2. Edgerrin James, Indianapolis
Alexander's status as the league MVP and a lack of injuries are the only things placing him ahead of James on this list. The Edge is a strong runner between the tackles, with the ability to wear down a defense over the course of game. However, he also has the quickness to hit the corner and stretch the defense across the field. Also a tremendous receiver, his versatility has long been an overlooked factor in the success of the Colts passing game. The many looks James gives a defense forces it to spread itself thin in anticipation of a variety of plays. He is an adquate blocker in pass protection, and shows good awareness in recognizing different defensive packages. Health is obviously an issue, as he has missed time with knee, angle and rib injuries.

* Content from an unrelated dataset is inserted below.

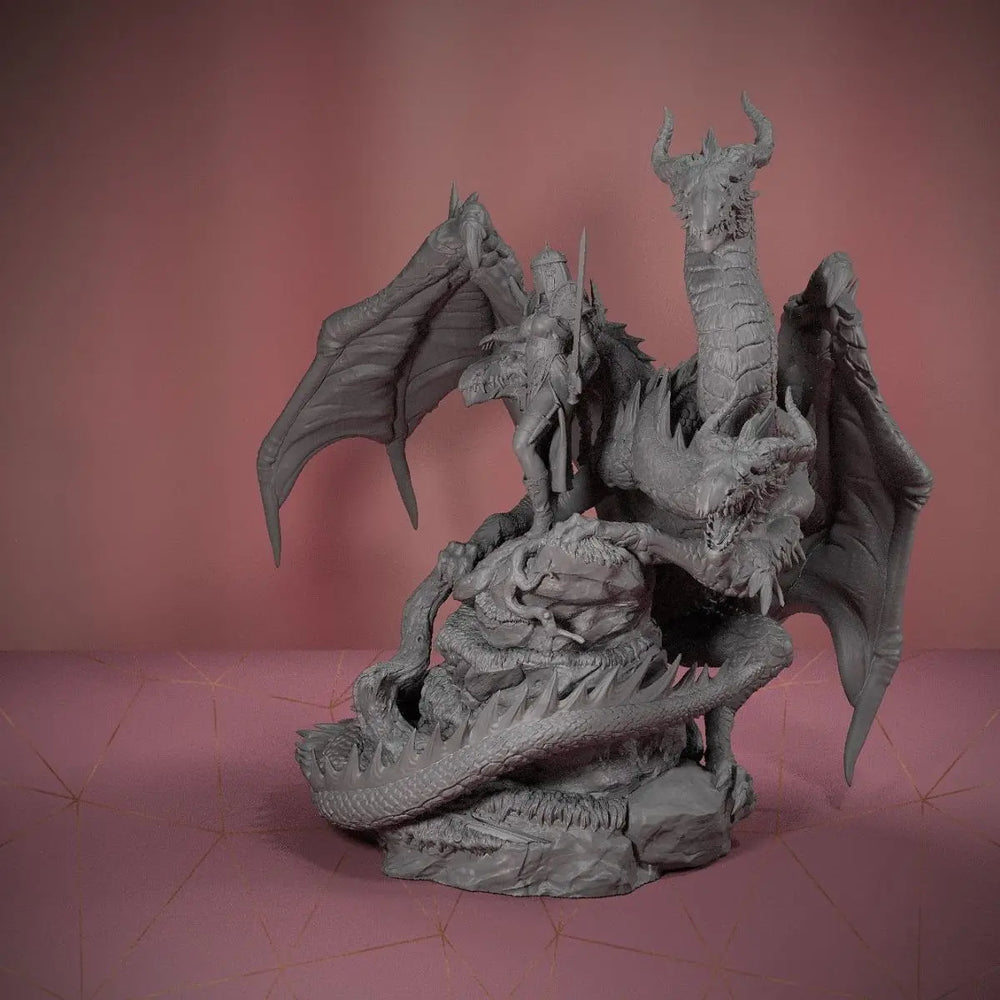 90mm Three-Headed Dragon Queen, Resin Model Figure Kit, Fantasy Theme, Unassembled and Unpainted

GOOD FITS: Indianapolis, Jacksonville, Carolina, Philadelphia, NY Jets, Baltimore
EARLY PICK: Edge is likely to seek out either a warm weather franchise or one playing in a large media market. It is no secret that he is less than enamored with the Midwest, and should the Colts show a waning interest in resigning him (as they are) he is likely to seek out a long term deal elsewhere. Jacksonville doesn't have a need at running back, but Fred Taylor has been twice the injury risk that James has been, and with Edge's desire to return home to Florida, the Jags are really the only viable candidate in the state for his services. Carolina is the only other possible destination that meets James' climate requirements, unless one actually believes he would subject himself to the losing ways of the Cardinals. Teams like the Jets and Ravens may create needs as they say goodbye to aging veterans and free agents, respectively. Those two and Philly would all be large media markets in which Edge would be a featured player on offense.
3. Jamal Lewis, Baltimore
Will the real Jamal Lewis, please stand up? After a 2000 yard season, Lewis showed the effects incarceration as he slipped to a dismal 906 yards and 3 touchdowns. On a team that needed an effective runner to take the pressure off of Kyle Boller, Lewis consistently came up short. Lewis is a big back (245 lbs) whose strength is his tremendous feet and balance. His legs constantly move, even when met with multiple tacklers. He isn't a burner, but he has very good cut back ability, and enough speed to break the occasional long run. More than a glorified fullback, Lewis is agile and has excellent vision. Lewis is a below average receiver who would not fit will in a west coast offensive scheme.
GOOD FITS: Baltimore, Cleveland, Green Bay, Carolina, Minnesota
EARLY PICK: Wherever he ends up, Lewis will have to play at a discount. His off the field problems coupled with their effect on his on the field play will both be red flags for any team that considers bringing him on board. Baltimore will likely keep Lewis, but for much less money than Im sure he expected to sign for this season. Should Ahman Green leave GB, he might be a good fit there, where his style would adapt well to the cold weather, and the possibility of off the field trouble would be greatly diminished. Carolina and Minnesota are candidates for any top tier running back, while Cleveland may wish to sign him simply to prevent him from racking up his usual 200 yards a game against them.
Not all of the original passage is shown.